[Exercise requirements]:
Beneath this line is the data. Output exactly the lines from the line with "Авторский букет (предзаказ) 239" to the line with "Maurices shoes size 8", both ends included, and nothing more.

[Input material]:
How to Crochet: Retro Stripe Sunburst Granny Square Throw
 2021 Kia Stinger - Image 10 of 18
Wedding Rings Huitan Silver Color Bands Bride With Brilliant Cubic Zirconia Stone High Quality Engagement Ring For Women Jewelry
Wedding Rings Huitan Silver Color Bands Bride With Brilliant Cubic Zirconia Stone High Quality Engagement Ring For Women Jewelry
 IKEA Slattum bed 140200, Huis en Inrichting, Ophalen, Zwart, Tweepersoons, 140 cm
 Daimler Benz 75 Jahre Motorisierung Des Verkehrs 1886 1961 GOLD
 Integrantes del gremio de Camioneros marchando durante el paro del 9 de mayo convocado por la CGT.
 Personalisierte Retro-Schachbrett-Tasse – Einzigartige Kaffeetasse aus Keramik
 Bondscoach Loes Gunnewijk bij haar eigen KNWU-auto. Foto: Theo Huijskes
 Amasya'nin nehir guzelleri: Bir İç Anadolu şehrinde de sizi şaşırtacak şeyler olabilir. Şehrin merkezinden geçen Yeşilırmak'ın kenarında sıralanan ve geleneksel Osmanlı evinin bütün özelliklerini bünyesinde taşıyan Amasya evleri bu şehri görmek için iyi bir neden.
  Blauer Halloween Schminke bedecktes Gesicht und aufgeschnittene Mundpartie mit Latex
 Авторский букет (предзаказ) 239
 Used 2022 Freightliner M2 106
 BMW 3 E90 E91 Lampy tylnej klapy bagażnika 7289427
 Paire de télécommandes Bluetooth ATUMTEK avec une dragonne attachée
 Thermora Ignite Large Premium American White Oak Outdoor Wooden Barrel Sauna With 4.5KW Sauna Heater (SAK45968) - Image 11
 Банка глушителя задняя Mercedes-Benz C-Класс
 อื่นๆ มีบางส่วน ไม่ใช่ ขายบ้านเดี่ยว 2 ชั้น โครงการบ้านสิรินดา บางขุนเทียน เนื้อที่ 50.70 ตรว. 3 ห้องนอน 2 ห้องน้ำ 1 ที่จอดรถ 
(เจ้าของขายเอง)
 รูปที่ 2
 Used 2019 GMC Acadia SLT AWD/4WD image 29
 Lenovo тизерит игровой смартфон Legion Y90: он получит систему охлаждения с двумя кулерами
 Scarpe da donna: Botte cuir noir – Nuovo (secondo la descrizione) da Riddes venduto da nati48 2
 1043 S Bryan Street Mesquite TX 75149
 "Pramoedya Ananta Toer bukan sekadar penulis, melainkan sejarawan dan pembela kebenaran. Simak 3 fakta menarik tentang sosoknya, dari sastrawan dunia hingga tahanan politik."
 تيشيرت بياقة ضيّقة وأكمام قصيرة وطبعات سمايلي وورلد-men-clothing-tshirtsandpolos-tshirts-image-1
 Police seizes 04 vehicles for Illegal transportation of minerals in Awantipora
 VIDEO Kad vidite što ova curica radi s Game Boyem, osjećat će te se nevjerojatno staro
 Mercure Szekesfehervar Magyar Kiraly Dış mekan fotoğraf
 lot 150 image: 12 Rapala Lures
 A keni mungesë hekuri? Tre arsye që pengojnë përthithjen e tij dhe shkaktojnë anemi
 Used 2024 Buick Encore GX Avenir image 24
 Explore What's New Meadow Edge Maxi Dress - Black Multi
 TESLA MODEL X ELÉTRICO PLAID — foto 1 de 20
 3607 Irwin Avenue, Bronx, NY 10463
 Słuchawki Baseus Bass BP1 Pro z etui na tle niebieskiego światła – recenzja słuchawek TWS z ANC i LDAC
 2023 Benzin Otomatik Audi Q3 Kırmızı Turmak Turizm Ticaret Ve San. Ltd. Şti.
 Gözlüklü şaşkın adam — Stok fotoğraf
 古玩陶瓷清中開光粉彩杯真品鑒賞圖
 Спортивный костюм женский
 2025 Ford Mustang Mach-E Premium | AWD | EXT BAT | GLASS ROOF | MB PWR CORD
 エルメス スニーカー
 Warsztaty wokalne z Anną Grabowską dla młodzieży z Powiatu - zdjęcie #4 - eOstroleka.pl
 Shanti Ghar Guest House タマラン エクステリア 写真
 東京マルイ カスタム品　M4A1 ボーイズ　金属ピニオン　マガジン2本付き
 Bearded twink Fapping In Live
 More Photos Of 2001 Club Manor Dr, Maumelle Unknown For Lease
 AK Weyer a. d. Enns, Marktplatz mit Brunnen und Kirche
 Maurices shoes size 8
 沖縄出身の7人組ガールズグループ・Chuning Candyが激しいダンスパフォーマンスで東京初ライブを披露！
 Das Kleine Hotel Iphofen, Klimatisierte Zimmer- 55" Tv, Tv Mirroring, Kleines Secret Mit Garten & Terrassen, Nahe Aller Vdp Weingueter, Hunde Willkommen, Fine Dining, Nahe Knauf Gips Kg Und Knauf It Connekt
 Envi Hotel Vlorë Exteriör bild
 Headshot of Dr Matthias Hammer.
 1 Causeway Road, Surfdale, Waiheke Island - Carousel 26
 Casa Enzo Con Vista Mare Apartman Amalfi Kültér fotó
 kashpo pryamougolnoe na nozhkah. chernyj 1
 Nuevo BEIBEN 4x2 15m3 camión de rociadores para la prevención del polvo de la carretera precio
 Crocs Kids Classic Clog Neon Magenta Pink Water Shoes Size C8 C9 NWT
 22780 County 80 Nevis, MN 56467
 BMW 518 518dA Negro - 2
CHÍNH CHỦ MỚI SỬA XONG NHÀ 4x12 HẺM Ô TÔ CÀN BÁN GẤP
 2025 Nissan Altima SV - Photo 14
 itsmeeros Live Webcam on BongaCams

[Result for this task]:
 Авторский букет (предзаказ) 239
 Used 2022 Freightliner M2 106
 BMW 3 E90 E91 Lampy tylnej klapy bagażnika 7289427
 Paire de télécommandes Bluetooth ATUMTEK avec une dragonne attachée
 Thermora Ignite Large Premium American White Oak Outdoor Wooden Barrel Sauna With 4.5KW Sauna Heater (SAK45968) - Image 11
 Банка глушителя задняя Mercedes-Benz C-Класс
 อื่นๆ มีบางส่วน ไม่ใช่ ขายบ้านเดี่ยว 2 ชั้น โครงการบ้านสิรินดา บางขุนเทียน เนื้อที่ 50.70 ตรว. 3 ห้องนอน 2 ห้องน้ำ 1 ที่จอดรถ 
(เจ้าของขายเอง)
 รูปที่ 2
 Used 2019 GMC Acadia SLT AWD/4WD image 29
 Lenovo тизерит игровой смартфон Legion Y90: он получит систему охлаждения с двумя кулерами
 Scarpe da donna: Botte cuir noir – Nuovo (secondo la descrizione) da Riddes venduto da nati48 2
 1043 S Bryan Street Mesquite TX 75149
 "Pramoedya Ananta Toer bukan sekadar penulis, melainkan sejarawan dan pembela kebenaran. Simak 3 fakta menarik tentang sosoknya, dari sastrawan dunia hingga tahanan politik."
 تيشيرت بياقة ضيّقة وأكمام قصيرة وطبعات سمايلي وورلد-men-clothing-tshirtsandpolos-tshirts-image-1
 Police seizes 04 vehicles for Illegal transportation of minerals in Awantipora
 VIDEO Kad vidite što ova curica radi s Game Boyem, osjećat će te se nevjerojatno staro
 Mercure Szekesfehervar Magyar Kiraly Dış mekan fotoğraf
 lot 150 image: 12 Rapala Lures
 A keni mungesë hekuri? Tre arsye që pengojnë përthithjen e tij dhe shkaktojnë anemi
 Used 2024 Buick Encore GX Avenir image 24
 Explore What's New Meadow Edge Maxi Dress - Black Multi
 TESLA MODEL X ELÉTRICO PLAID — foto 1 de 20
 3607 Irwin Avenue, Bronx, NY 10463
 Słuchawki Baseus Bass BP1 Pro z etui na tle niebieskiego światła – recenzja słuchawek TWS z ANC i LDAC
 2023 Benzin Otomatik Audi Q3 Kırmızı Turmak Turizm Ticaret Ve San. Ltd. Şti.
 Gözlüklü şaşkın adam — Stok fotoğraf
 古玩陶瓷清中開光粉彩杯真品鑒賞圖
 Спортивный костюм женский
 2025 Ford Mustang Mach-E Premium | AWD | EXT BAT | GLASS ROOF | MB PWR CORD
 エルメス スニーカー
 Warsztaty wokalne z Anną Grabowską dla młodzieży z Powiatu - zdjęcie #4 - eOstroleka.pl
 Shanti Ghar Guest House タマラン エクステリア 写真
 東京マルイ カスタム品　M4A1 ボーイズ　金属ピニオン　マガジン2本付き
 Bearded twink Fapping In Live
 More Photos Of 2001 Club Manor Dr, Maumelle Unknown For Lease
 AK Weyer a. d. Enns, Marktplatz mit Brunnen und Kirche
 Maurices shoes size 8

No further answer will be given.